La idea del cuartito era un sueño macerado a lo largo de décadas; quería escapar a toda costa de la casa paterna y no lo logró. Según dijo, su padre era un machista consumado; una opinión que no suelen decir abiertamente las mujeres de los Altos de Jalisco, pero que es una verdad irrefutable. De ahí aquel dicho terrible de que la mujer es como la escopeta: detrás de la puerta y bien cargada.

Su padre se encargó de hacerle la vida imposible desde los 12 años, cuando tuvo que salir a trabajar y luego, al llegar a la casa, encargarse de los hermanos y ayudar a su madre. Desde chica aprendió a trabajar en el comercio y esa ha sido su única experiencia laboral, primero como ayudante en otras tiendas y finalmente con su propio negocio.
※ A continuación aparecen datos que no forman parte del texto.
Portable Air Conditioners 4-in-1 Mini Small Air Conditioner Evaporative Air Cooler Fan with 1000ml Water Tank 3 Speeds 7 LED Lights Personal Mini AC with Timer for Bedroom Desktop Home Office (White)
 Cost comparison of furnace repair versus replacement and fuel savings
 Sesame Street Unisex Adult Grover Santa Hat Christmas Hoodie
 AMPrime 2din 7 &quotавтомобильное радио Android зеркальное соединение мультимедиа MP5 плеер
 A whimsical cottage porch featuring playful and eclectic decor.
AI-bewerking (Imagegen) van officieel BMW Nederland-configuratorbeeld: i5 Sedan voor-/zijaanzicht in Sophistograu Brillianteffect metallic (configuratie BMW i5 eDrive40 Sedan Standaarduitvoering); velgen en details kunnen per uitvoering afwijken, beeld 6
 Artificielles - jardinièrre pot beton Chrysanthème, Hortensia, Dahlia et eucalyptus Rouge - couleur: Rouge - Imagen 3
Una de sus hermanas fracasó, como suele decirse en Jalisco, y quedó embarazada. Desde esa fecha quedó recluida y estigmatizada al interior de la casa. Curiosamente, el rey del hogar es el nieto, que resultó ser varón y es la fascinación y la compañía permanente del abuelo.

En cambio, todas las mujeres de la casa quedan en tercer plano: la esposa abnegada y reprimida desde tiempos inmemoriales; la hermana, que tiene que cargar con su vergüenza y su pecado, y ella, la rebelde, que se refugia en la tienda y logra escapar temporalmente de la casa.

De hecho, intentó escapar de manera definitiva, pero no lo logró. Otro de sus sueños era tener un hijo, pero el reloj biológico se encargó de eliminarlo de la lista. Pero cuando todavía tenía esa oportunidad, lo intentó de manera consciente y planeada: en la tienda conoció a un señor divorciado que había regresado del norte y se hicieron amigos; acordaron vivir juntos y tener un hijo, pero que ella se haría totalmente responsable de la criatura en caso de que no prosperara la relación.

Llegó el día señalado y se fue de la casa, estuvo una semana escondida hasta que un día vio llegar a la puerta a su padre y a su hermano. Atrás, maltrecho y golpeado, caminaba el señor que la había acogido y comprendido.

El retorno a la casa paterna fue un infierno; nuevamente el trabajo y la tienda fueron su salvación temporal. Años después, se le ocurrió invitar a su madre a una peregrinación a la Villa de Guadalupe, en el Distrito Federal. La parroquia organizaba todos los años el paseo y sólo se requería algo de dinero para hacer el viaje. Con sus ahorros logró pagar la cuota y le informaron al jefe de familia con anticipación que se irían de viaje con el grupo de peregrinos. El día anterior a la salida, el padre armó un escándalo y se fue de la casa argumentando que lo habían abandonado y que no querían cuidarlo. Total, se canceló el viaje y se perdió el dinero.

Queda pendiente un último objetivo en su vida: ver el mar. Me contó que todos los años se organizan viajes, donde se visitan diversos santuarios, como el de la Virgen de Zapopan y la de Talpa, y luego finalmente terminan en la costa y pasan unos días en el balneario popular de Guayabitos. Pero no que quiere ir en grupo, quiere ir sola y disfrutar en paz su sueño.

Un sueño tan fácil de realizar como tomar un camión a Guadalajara y en la misma central camionera tomar otro a Vallarta.

Al mismo tiempo, una decisión tan difícil y complicada como romper con todo un historial de dominación, control y sujeción paterna.

Una faceta más de la tradicional familia patriarcal mexicana.